If so, this looks like trying to ground out ‘what are counterfactuals?’ in terms of the psychology of reasoning: it feels to me like I could have chosen to get something to drink or keep typing, and the interesting thing is where that feeling comes from (and what role it serves and so on). Maybe another way to think of this is something like “what are hypotheticals?”: when I consider a theorem, it seems like the theorem could be true or false, and the process of building out those internal worlds until one collapses is potentially quite different from the standard presentation of a world of Bayesian updating. Similarly, when I consider my behavior, it seems like I could take many actions, and then eventually some actions happen. Even if I never take action A (and never would have, for various low-level deterministic reasons), it’s still part of my hypothetical space, as considered in the real universe. Here, ‘actions I could take’ has some real instantiation, as ‘hypotheticals I’m considering implicitly or explicitly’, complete with my confusions about those actions (“oh, turns out that action was ‘choke on water’ instead of ‘drink water’. Oops.”), as opposed to some Platonic set of possible actions, and the thermostat that isn’t considering hypotheticals is rightly viewed as having ‘no actions’ even tho it’s more reactive than a rock.

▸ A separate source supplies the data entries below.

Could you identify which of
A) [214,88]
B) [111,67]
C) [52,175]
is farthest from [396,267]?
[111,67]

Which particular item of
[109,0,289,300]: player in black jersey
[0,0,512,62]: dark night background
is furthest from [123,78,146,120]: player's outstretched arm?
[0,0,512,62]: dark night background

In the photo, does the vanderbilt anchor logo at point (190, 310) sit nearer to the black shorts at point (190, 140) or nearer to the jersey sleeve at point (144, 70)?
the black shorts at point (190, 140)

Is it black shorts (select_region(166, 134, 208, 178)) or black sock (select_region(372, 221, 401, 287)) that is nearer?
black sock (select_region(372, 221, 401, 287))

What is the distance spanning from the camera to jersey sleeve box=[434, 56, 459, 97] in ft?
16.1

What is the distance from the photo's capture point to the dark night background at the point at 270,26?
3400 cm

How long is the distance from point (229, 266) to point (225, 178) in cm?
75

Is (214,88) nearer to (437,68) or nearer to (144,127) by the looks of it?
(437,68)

This seems promising, but collides with one of the major obstacles I have in thinking about embedded agency; it seems like the descriptive problem of “how am I doing hypothetical reasoning?” is vaguely detached from the prescriptive question of “how should I be doing hypothetical reasoning?” or the idealized question of “what are counterfactuals?”. It’s not obvious that we have an idealized view of ‘set of possible actions’ to approximate, and if we build up from my present reasoning processes, it seems likely that there will be some sort of ontological shift corresponding to an upgrade that might break lots of important guarantees. That said, this may be the best we have to work with.